How to open garage door when power is out
October 24, 2021 2:22 PM   Subscribe

I’ve been given a 'backup' key, and the key undoes the lock in the garage door, and then…. I am to do something else to get the door open, without breaking someone’s garage door lift system. I don't know what that something is.

Thanks to the bomb cyclone I and many many neighbors are without power. I have lived here for just a couple months. My landlord is out of country and is not easy to contact.

There’s a lock about 5.5 feet off the ground in the middle of the door. The key ‘opens’ that, by which I mean the entire lock cylinder comes out of the hole towards me, and is attached to a metal wire (exactly the kind of metal wire you would expect would be used to pull, say, a garage door). About 8-10 inches come out without me pulling.

Questions:

1. Am I supposed to pull MORE of the metal wire out towards me? or at this point has it ‘done its thing’ and I should just try lifting up the door?I did try pulling on it, hard, but I didn’t feel it ‘give’ at all.

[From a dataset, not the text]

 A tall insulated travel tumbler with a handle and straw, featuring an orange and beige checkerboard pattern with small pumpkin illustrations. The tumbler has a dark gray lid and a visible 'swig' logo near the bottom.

2. Have also tried lifting the door. It was very reticent. I could only get it about 6 inches off the ground. It’s a large door, a two-car-garage door, but again it felt like it was pushing back more than it wanted me to pull. It felt like that was more than just gravity. My lift up did not produce any momentum towards further pulling.

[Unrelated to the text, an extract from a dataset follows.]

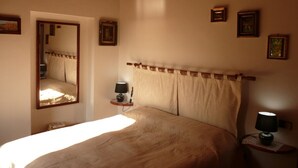 A bedroom with a large bed, a bedside table with a lamp, a mirror, and framed pictures on the wall. - Villa with private swimming pool, garden & sea view Forte Dei Marmi   (Pietrasanta)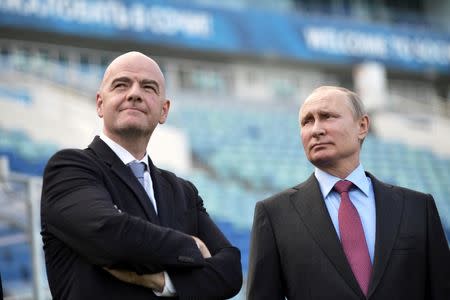 Russian President Vladimir Putin (R) and FIFA President Gianni Infantino visit the Fisht Stadium, which will host matches of the 2018 FIFA World Cup in Sochi, Russia May 3, 2018. Sputnik/Aleksey Nikolskyi/Kremlin via REUTERS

Making all this even more fun, it's pouring down rain.

Thanks for the help
posted by armoir from antproof case to Home & Garden (9 answers total) 1 user marked this as a favorite
 
Assuming you can get into the garage, you can disengage the opener. There is usually a plastic bobber at the end of a rope, suspended from in front of the opener itself. You just pull on that, and then the garage door should slide easily on the track in manual operation. The door will still be heavy, but it will move more freely. (And when the power comes back on, eventually, you'll need to operate the opener a few times before it reengages.)
posted by DrGail at 2:29 PM on October 24, 2021 [4 favorites]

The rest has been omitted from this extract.